Instructions to follow:
Before you reproduce the entries that follow, strip out any image they contain and keep the rest exact.
-------
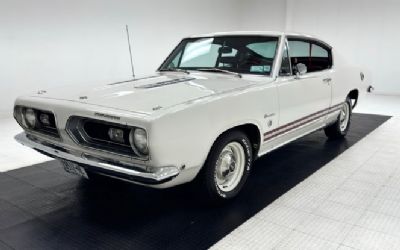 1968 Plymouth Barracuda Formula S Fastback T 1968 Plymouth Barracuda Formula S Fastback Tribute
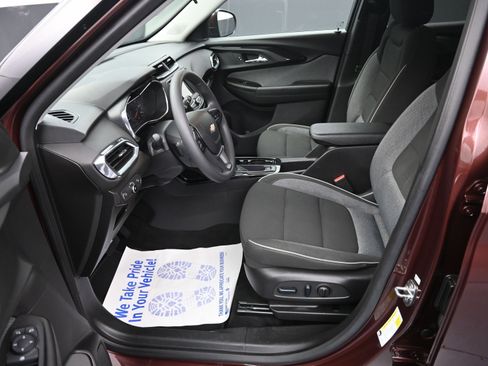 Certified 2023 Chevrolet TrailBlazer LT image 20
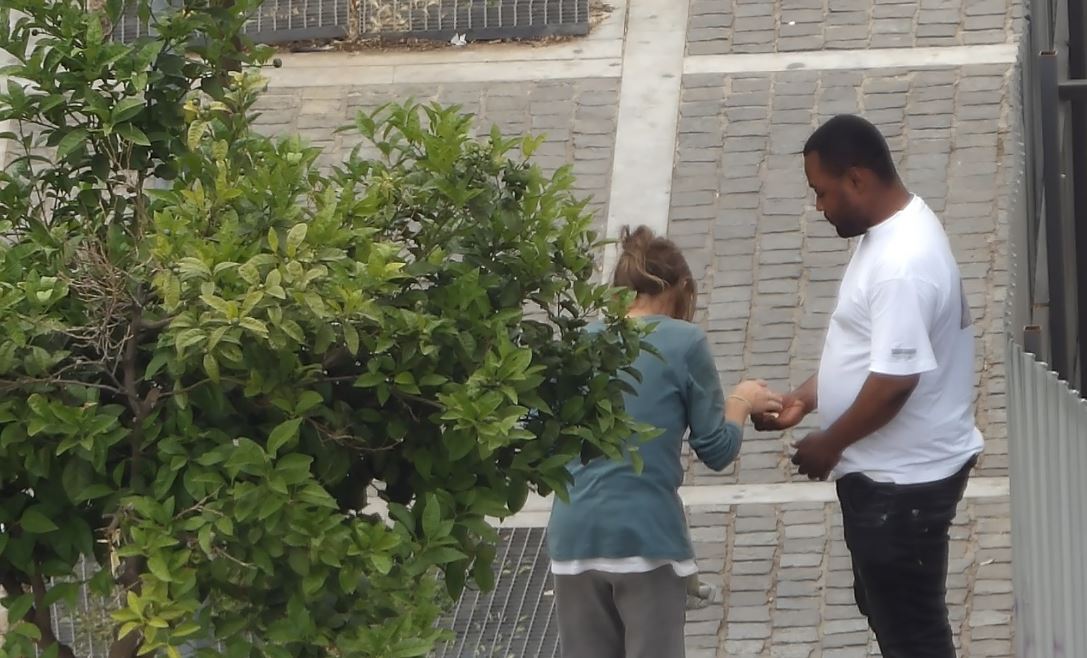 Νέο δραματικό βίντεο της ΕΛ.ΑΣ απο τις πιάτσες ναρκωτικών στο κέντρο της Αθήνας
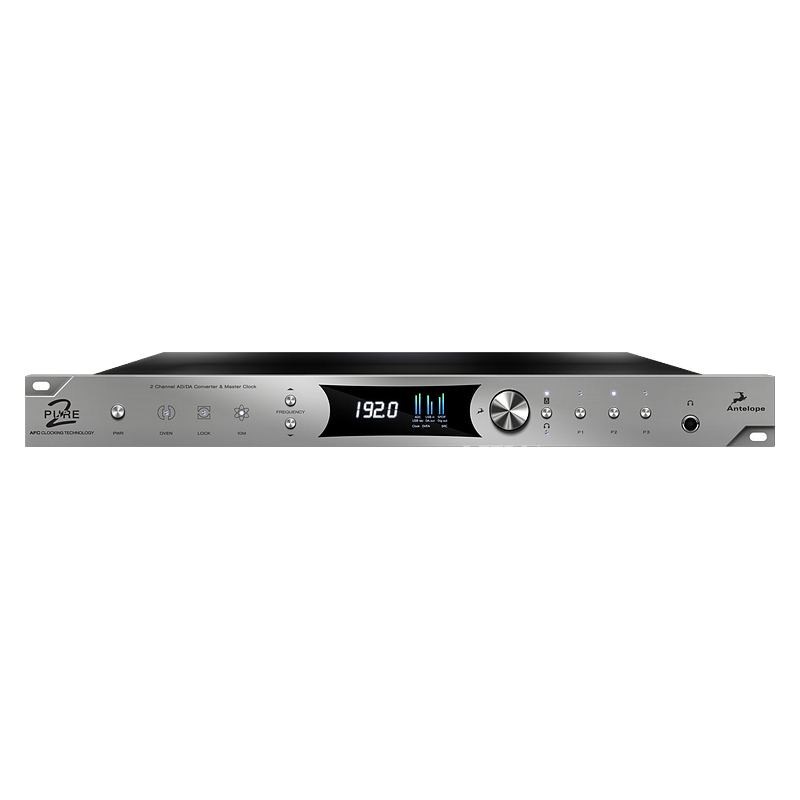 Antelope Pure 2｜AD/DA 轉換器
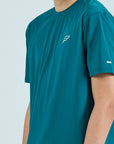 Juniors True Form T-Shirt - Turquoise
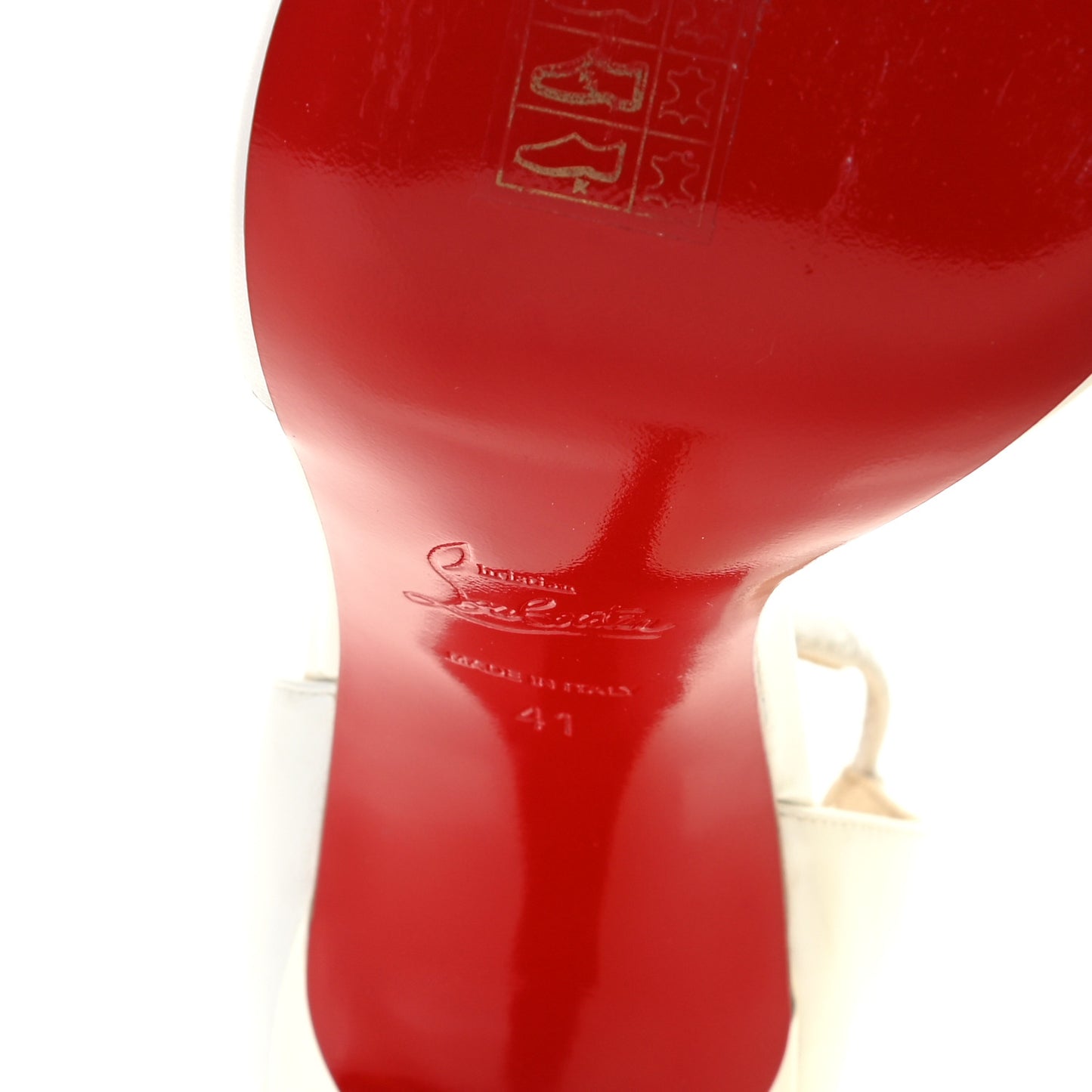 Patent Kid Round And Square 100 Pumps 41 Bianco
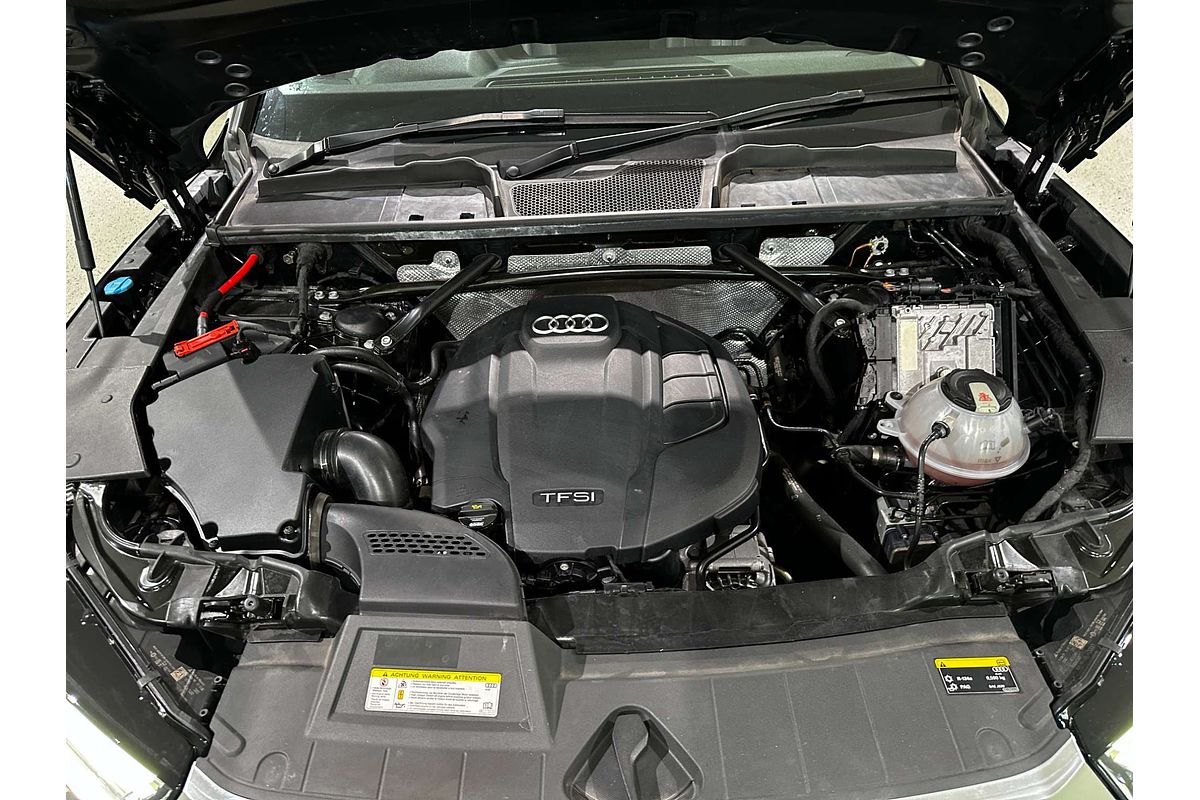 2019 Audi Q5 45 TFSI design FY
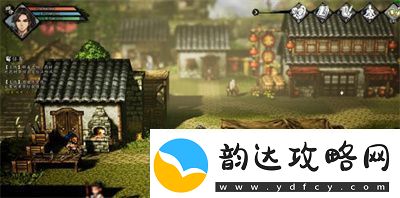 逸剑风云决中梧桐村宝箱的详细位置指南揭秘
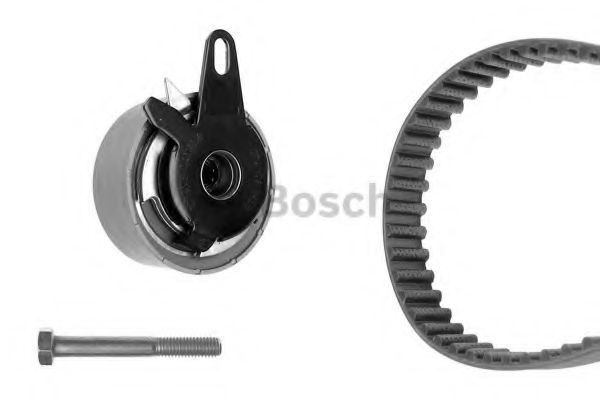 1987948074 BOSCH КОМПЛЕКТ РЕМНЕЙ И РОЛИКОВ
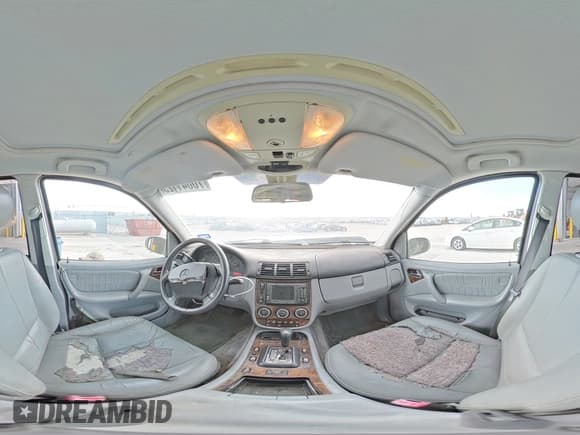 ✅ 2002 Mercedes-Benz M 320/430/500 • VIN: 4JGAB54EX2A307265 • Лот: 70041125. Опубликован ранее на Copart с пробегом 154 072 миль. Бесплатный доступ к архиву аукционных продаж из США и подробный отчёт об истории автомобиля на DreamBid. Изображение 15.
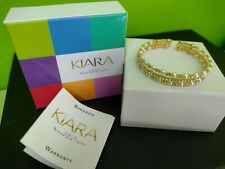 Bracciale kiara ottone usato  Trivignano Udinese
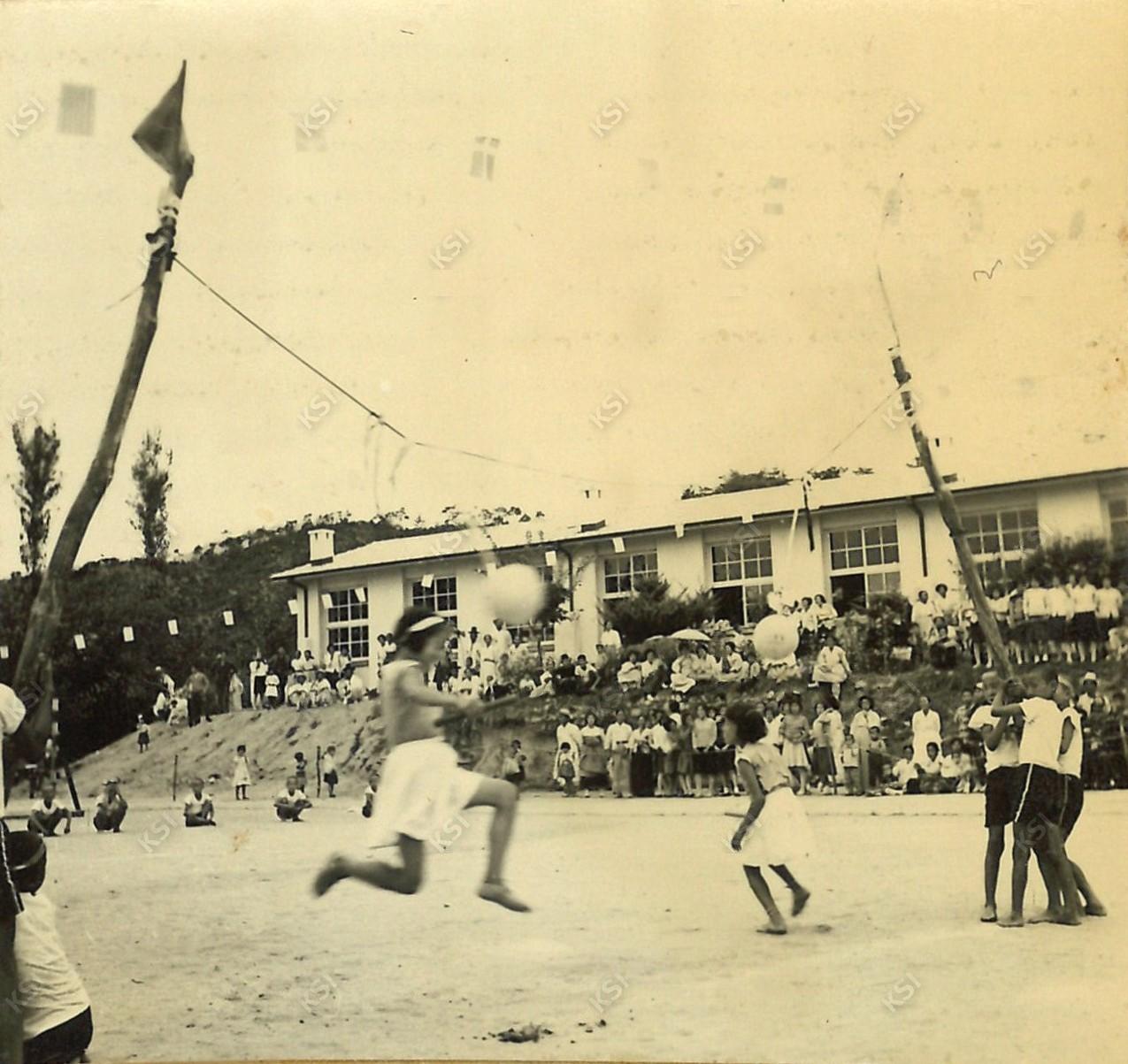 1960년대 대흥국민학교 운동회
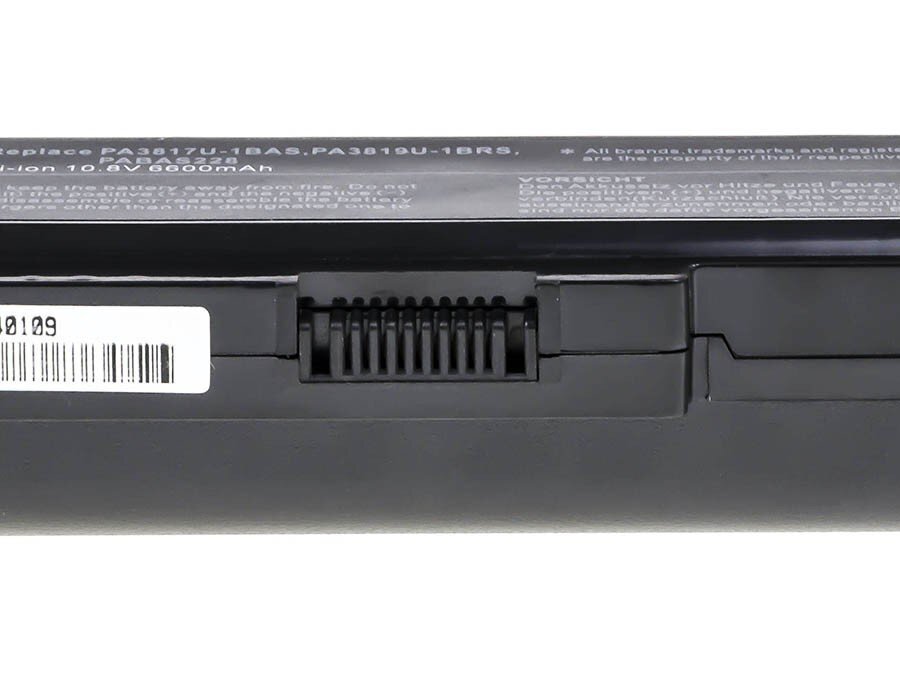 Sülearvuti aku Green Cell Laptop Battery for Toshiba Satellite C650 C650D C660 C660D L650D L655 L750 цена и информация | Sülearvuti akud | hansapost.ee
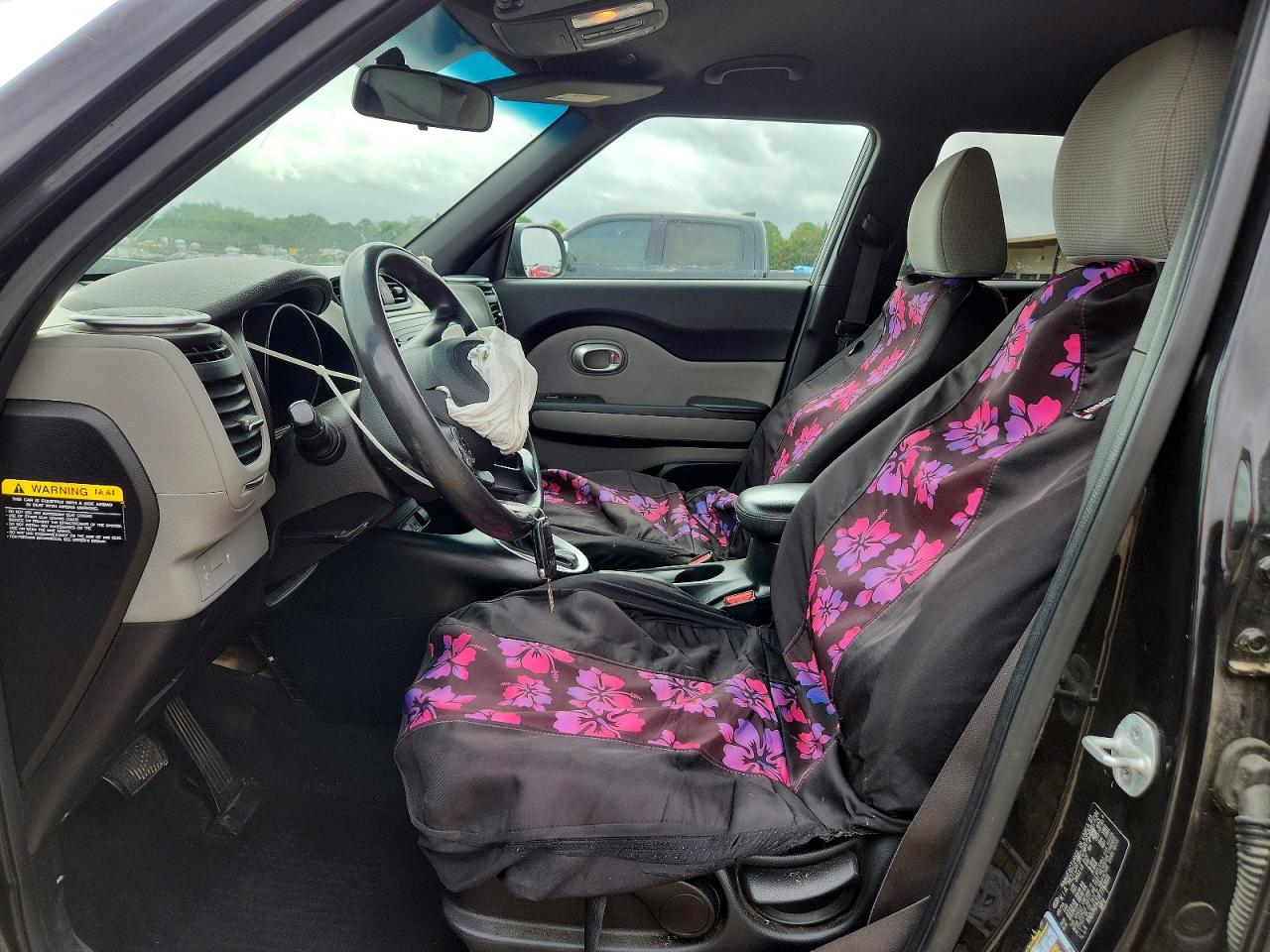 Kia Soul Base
-------
Result of this task:
 1968 Plymouth Barracuda Formula S Fastback T 1968 Plymouth Barracuda Formula S Fastback Tribute
 Certified 2023 Chevrolet TrailBlazer LT image 20
 Νέο δραματικό βίντεο της ΕΛ.ΑΣ απο τις πιάτσες ναρκωτικών στο κέντρο της Αθήνας
 Antelope Pure 2｜AD/DA 轉換器
 Juniors True Form T-Shirt - Turquoise
 Patent Kid Round And Square 100 Pumps 41 Bianco
 2019 Audi Q5 45 TFSI design FY
 逸剑风云决中梧桐村宝箱的详细位置指南揭秘
 1987948074 BOSCH КОМПЛЕКТ РЕМНЕЙ И РОЛИКОВ
 ✅ 2002 Mercedes-Benz M 320/430/500 • VIN: 4JGAB54EX2A307265 • Лот: 70041125. Опубликован ранее на Copart с пробегом 154 072 миль. Бесплатный доступ к архиву аукционных продаж из США и подробный отчёт об истории автомобиля на DreamBid. Изображение 15.
 Bracciale kiara ottone usato  Trivignano Udinese
 1960년대 대흥국민학교 운동회
 Sülearvuti aku Green Cell Laptop Battery for Toshiba Satellite C650 C650D C660 C660D L650D L655 L750 цена и информация | Sülearvuti akud | hansapost.ee
 Kia Soul Base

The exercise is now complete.